竹本健治『ウロボロスの純正音律』
ウロボロスの純正音律ミステリ作家、竹本健治は黒っぽいコートを着た編集者、南雲一範からの依頼で、初めて書き下ろしの漫画を描くことになった。いつか漫画家になることを夢見ていた竹本は、一も二もなく依頼を受けた。竹本は、この漫画をただの漫画で終わらせるのではなく、漫画をちょっとでも書けるミステリ作家や関係者やファンなどにたくさんアシスタントをやってもらったら壮観なのではないかと構想した。しかしこの「千人針アシスタント」を実行するためには、大勢のアシスタントを一度に収容できる広い仕事場が必要になる。そこで南雲氏が仕事場として提供したのが、南雲家伝来の屋敷、「玲瓏館」だった。あまりにミステリ的に雰囲気の良すぎる館を前に小躍りする竹本だが、これが館にまつわる数々の謎と、連続殺人への幕開けなのだった――。

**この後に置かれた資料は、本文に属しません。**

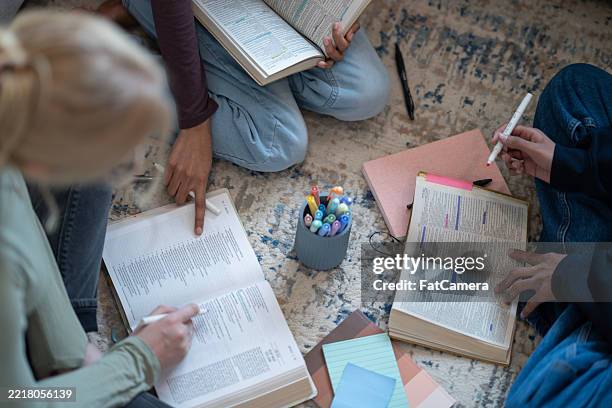 sesión de estudio en grupo con libros abiertos y materiales coloridos para marcar - teología fotografías e imágenes de stock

7年かけた連載がやっと完結。『暗黒館』よりも待たされた「ウロボロス」シリーズ最新刊(完結編?)が遂に登場。
メタとしても本格としても中途半端な感じは否めませんが、何というか、このお祭り的雰囲気は他には代えられないですね。楽しかったです。
この話のモチーフになっている竹本健治の漫画『入神』は、たぶん今は絶版ですが、当時読みました。あの頃はまだ『ヒカルの碁』の連載は始まっておらず*1、囲碁に対する知識ゼロだったんですが、絵はプロ漫画家には全く及ばないものの、対局の緊張感が素晴らしく、引き込まれた覚えがあります。